For those of you who own and operate small and medium-sized greenhouse and retail garden center businesses, there’s good news and bad news contained in the fiscal cliff tax laws. First, the good news: Greater certainty in taxes. Many of you have gotten used to having a number of longstanding tax breaks. Unfortunately, you’ve also had to get used to the uncertainty of whether those provisions would be renewed each year. While many popular tax breaks expired at the end of 2011, the new tax law renews them retroactively, allowing you to claim them on both your 2012 and 2013 tax returns.
Admittedly, the American Taxpayer Relief Act didn’t specifically favor commercial greenhouse growers like it did when granting $59 million in tax credits for algae growers to encourage production of “cellulosic biofuel” at up to $1.01 per gallon. However, among the business provisions in the new law that growers should be aware of are:
Research and Development Tax Credits: The new law extended the often overlooked, neglected or difficult-to-understand research credit, which expired at the end of 2011, through December 31, 2013. The research credit, or research and development credit, as it’s often labeled, may be claimed for increases in business-related research expenditures. While only for research in the clinical sense, many of the small businesses it was designed to help have in the past shied away from the complex rules. Perhaps the potential of reaping a share of the $14.3 billion in tax savings may entice more growers to investigate the research tax credit.
Equipment Write-Offs for Profitable Operations: The American Taxpayer Relief Act extended through 2013 the Tax Code’s Section 179, first-year expensing write-off for equipment and other business property acquisitions. Now, the higher expensing limits in effect in 2011 have been reinstated for 2012 and extended for expenditures made before December 31, 2013. Thus, a grower can expense or immediately deduct up to $500,000 of expenditures in 2012 and 2013, subject to a phase-out if total capital expenditures exceed $2,000,000. The maximum amount that can be expensed in years beginning after 2013 will, without amendment, drop to $25,000.
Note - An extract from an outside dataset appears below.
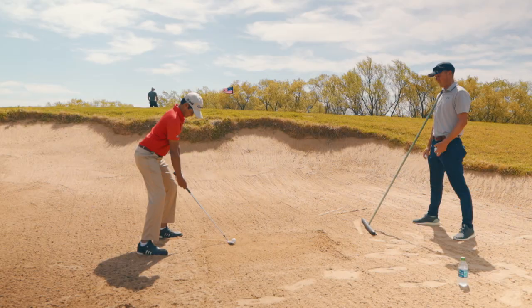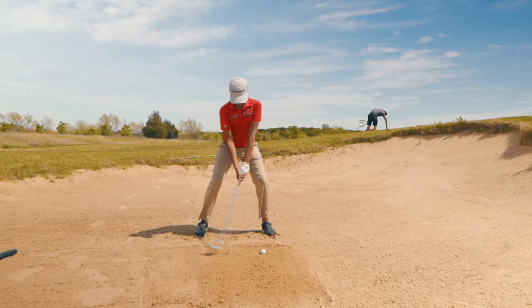I'm in the bunker with Irene because he's been struggling with short-sided shots when he needs to launch them high and get them to stop fast. The biggest pain point was he was hitting everything fat.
Bonus Write-Offs: The tax break that allows profitable greenhouse businesses to write-off large capital expenditures immediately—rather than over time—has long been used as an economic stimulus. One hundred percent “bonus” depreciation expired at the end of 2011. Today, the new law allows 50% bonus depreciation for property placed in service through 2013. Some transportation and longer-lived property are even eligible for bonus depreciation through 2014.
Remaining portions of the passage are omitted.